The air conditioner inside of the RV hummed softly, keeping us comfortable at least. I could appreciate that, since I doubted sweating like crazy would make the situation any better.

When tossing and turning didn’t resolve anything—and in fact I ended up with Ingram muttering so many times I was pretty sure he’d come down one bunk and smack me if I kept it up—I gave up and rolled out of the bed.

I’d gotten the bottom given my size, plus my lack of physical skills meant it was better for one of the others to climb. No one wanted me toppling down.

I didn’t bother to put my shoes on, instead creeping as quietly as I could move my rather large and unwieldy body. No reason to risk waking Yun—she’d struck me as exhausted lately.

The door creaked softly as I closed it behind me. Grains of sand stuck to the soles of my feet, despite the large section of fake grass set down, like that tricked anyone into thinking this was more homey with the greenery.

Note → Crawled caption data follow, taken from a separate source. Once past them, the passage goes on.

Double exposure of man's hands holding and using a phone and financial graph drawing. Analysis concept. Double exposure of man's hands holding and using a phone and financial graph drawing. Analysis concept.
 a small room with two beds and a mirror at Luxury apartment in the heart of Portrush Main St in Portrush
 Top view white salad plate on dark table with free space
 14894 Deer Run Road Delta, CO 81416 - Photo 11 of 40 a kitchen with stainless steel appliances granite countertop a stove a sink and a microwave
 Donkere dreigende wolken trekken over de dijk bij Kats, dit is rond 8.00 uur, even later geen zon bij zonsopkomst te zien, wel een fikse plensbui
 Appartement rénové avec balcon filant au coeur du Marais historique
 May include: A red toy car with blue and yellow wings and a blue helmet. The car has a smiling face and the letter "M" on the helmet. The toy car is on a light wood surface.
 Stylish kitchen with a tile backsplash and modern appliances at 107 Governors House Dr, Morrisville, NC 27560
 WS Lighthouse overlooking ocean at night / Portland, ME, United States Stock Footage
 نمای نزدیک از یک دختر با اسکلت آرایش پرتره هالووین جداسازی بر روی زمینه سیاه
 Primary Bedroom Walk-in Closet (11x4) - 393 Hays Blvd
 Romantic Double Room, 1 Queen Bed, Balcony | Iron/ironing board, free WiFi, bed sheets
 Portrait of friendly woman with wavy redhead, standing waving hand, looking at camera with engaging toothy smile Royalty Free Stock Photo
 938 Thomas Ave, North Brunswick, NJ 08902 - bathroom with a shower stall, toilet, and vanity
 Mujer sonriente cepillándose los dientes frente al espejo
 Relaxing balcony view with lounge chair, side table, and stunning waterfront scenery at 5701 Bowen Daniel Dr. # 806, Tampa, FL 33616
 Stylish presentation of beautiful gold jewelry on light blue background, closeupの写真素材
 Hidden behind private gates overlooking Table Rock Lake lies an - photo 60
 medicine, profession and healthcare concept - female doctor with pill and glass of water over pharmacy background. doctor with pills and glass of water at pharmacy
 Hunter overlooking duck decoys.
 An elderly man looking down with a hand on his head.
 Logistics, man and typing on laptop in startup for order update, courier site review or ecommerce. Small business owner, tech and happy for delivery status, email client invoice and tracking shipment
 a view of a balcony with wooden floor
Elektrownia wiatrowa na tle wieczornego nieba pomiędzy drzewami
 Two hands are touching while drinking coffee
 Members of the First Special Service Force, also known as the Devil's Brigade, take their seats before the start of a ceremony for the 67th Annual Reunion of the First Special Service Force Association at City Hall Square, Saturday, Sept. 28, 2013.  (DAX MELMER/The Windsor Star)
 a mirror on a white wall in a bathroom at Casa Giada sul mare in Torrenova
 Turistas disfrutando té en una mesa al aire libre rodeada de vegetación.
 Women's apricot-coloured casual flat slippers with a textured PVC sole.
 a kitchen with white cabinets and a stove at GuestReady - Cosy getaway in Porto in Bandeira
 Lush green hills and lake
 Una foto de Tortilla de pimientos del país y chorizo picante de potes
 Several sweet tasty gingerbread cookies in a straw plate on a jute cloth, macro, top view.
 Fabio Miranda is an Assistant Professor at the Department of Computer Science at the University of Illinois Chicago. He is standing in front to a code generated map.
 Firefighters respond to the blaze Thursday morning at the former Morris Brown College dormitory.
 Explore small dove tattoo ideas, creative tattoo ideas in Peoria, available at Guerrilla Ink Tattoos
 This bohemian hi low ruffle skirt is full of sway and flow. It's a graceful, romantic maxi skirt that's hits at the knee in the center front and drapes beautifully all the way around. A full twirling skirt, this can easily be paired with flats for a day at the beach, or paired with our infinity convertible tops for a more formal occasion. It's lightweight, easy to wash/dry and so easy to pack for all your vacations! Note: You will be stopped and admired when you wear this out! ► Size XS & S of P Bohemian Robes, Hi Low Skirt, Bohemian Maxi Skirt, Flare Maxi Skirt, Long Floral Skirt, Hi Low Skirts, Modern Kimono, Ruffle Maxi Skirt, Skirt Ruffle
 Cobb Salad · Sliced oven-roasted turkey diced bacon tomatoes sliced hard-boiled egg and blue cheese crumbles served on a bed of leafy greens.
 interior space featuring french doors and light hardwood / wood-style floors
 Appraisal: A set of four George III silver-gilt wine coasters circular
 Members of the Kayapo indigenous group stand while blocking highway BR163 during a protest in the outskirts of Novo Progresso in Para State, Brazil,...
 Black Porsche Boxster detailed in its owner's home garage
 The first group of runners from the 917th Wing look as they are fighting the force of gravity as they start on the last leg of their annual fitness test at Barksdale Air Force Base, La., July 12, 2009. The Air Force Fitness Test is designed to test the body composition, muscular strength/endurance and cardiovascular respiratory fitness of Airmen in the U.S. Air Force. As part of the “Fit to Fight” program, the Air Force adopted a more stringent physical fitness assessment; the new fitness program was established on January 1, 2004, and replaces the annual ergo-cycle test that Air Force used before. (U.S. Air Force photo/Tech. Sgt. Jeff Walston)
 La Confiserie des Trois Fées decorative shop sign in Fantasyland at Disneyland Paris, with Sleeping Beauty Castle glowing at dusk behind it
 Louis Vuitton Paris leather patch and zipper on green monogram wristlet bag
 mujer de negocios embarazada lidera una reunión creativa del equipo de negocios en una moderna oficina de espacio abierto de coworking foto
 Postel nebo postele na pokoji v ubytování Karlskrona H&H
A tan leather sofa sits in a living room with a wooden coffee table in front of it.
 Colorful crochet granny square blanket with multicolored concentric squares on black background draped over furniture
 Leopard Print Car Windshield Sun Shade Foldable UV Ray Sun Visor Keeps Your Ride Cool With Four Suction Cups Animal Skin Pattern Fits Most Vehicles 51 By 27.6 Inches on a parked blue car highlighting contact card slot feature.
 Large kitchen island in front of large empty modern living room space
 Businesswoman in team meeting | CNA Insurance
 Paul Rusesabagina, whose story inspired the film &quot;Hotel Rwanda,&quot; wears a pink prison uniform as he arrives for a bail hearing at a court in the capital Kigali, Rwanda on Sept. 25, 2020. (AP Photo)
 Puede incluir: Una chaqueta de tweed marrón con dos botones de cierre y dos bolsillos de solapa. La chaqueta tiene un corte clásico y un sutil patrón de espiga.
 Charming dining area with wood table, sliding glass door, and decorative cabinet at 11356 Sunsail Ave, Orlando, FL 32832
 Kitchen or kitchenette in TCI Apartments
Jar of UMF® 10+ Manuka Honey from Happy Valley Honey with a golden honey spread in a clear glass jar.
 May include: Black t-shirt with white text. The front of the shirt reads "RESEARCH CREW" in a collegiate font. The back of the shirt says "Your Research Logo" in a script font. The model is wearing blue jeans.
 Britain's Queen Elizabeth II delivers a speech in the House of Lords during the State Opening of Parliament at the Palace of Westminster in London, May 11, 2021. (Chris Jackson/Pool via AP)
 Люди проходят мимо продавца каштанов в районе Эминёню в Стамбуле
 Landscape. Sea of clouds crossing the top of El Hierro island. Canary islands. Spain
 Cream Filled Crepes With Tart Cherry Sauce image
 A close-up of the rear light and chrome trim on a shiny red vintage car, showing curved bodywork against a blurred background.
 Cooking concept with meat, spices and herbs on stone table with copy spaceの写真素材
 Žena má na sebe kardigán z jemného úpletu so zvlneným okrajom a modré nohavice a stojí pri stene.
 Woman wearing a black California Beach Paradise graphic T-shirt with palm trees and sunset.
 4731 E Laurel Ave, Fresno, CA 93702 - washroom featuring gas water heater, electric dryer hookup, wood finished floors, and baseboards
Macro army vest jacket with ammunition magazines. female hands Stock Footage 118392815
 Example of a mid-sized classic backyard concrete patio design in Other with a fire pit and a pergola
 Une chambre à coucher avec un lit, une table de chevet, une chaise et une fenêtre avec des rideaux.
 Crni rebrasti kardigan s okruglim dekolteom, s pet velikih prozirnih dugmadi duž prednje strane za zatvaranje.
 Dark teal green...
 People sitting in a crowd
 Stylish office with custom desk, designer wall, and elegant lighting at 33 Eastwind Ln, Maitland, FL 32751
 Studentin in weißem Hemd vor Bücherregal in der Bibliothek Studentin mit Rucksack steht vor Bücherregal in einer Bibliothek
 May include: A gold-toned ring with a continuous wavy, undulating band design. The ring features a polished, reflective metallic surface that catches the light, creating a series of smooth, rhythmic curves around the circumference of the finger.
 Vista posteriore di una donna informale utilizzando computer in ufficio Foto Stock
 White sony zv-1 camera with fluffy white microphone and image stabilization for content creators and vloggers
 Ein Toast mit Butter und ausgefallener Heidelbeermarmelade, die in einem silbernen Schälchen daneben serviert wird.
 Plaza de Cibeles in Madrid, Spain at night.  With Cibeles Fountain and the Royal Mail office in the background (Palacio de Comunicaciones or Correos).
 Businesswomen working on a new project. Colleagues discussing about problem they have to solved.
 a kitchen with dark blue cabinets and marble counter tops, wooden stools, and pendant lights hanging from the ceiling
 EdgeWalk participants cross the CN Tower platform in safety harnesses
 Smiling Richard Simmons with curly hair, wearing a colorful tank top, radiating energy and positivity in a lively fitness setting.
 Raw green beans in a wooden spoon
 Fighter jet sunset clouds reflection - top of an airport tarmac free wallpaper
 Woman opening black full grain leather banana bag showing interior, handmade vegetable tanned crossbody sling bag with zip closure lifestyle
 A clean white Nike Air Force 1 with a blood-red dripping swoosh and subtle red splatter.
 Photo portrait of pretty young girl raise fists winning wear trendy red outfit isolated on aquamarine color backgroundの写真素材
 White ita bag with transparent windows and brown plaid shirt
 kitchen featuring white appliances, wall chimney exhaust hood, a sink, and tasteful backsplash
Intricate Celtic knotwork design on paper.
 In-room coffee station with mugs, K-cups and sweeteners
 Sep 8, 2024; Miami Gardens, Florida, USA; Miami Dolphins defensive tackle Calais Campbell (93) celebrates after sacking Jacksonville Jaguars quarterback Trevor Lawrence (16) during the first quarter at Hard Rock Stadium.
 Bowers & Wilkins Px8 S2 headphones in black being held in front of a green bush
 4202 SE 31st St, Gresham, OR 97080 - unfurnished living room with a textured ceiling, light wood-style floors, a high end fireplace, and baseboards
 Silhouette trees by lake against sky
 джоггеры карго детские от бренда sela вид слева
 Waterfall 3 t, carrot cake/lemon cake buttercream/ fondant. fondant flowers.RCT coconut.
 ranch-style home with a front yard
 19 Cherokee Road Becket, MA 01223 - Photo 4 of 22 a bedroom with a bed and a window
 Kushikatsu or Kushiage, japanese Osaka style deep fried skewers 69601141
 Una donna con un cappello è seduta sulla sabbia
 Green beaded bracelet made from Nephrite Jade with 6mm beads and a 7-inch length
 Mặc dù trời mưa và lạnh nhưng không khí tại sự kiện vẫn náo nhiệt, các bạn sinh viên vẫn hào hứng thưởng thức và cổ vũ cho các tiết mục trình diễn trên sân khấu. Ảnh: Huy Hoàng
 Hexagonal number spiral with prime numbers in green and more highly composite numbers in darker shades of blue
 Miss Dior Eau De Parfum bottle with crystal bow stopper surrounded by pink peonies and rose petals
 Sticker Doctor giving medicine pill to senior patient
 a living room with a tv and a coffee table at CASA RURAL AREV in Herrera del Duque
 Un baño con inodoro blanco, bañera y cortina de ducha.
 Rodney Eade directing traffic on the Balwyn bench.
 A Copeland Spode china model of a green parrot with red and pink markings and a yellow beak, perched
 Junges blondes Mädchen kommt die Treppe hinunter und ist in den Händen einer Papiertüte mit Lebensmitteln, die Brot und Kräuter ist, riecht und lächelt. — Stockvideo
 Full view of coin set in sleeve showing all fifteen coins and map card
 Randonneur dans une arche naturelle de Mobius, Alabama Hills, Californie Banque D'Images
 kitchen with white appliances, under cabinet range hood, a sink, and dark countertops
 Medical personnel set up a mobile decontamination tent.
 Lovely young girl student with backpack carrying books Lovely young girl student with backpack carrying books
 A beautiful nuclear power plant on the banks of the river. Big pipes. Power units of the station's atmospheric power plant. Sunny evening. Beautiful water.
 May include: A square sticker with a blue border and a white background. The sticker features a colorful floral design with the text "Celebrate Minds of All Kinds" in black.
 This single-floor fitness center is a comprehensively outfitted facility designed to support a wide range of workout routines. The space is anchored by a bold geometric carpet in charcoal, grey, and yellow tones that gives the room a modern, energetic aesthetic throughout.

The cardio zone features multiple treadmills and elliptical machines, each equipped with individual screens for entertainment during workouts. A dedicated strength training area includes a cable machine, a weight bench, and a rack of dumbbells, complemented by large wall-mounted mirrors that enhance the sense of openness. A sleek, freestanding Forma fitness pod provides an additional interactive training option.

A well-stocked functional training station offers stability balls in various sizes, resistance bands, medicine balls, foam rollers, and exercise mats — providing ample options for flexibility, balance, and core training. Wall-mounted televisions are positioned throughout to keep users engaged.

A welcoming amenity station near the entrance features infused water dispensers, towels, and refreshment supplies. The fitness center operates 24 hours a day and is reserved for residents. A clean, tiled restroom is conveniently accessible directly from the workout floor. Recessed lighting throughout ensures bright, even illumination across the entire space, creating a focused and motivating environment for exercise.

Due to the sand, however, brown rested between the blades of faded grass.

The lights that hung from the awning spread a glow across the make-shift patio, the same picnic table we’d sat at for most dinners right there.

I stepped beyond, onto the patio, the moon large in the open sky. I had to admit, the lack of light pollution gave for one hell of a view of the darkness above.

The air was dry and dirty, and a part of me felt as though it might have coated my lungs when I breathed it in. All we had to do was get through this damn dungeon, and I could go back to somewhere else, somewhere better.

My senses weren’t as great as Carter or Ingram’s, but they weren’t useless, either, a point proven when movement to the side of the RV caught my attention.

A figure moved there, in the darkness, outside the circle of light spread from the patio. Despite not being combat, instinct proved stronger than skills as I moved.

The idea of someone against the RV—not just anywhere, but hands gripping the window edge that led into the room where Yun slept—infuriated me.

I grabbed the person and twisted them, slamming them against the dirt. They had a small, thin frame—a woman? I’d learned not to worry too much about that when it came to potential espers, because size didn’t mean a damn thing. A female esper could kill me just as fast as a male could.

And I had no intention of fucking around when it came to Yun’s safety.

The new position—flat on their back and with my hand around their throat—put them in enough light for me to make sense of their face.

Yun.

My brain stalled. As much as people made fun of me for it not working at all, the truth was that it usually worked well enough.

That wasn’t the case right now. It seemed to fully shut down, like the view of Yun’s wide, frightened eyes and my hand around her thin throat was enough to derail me.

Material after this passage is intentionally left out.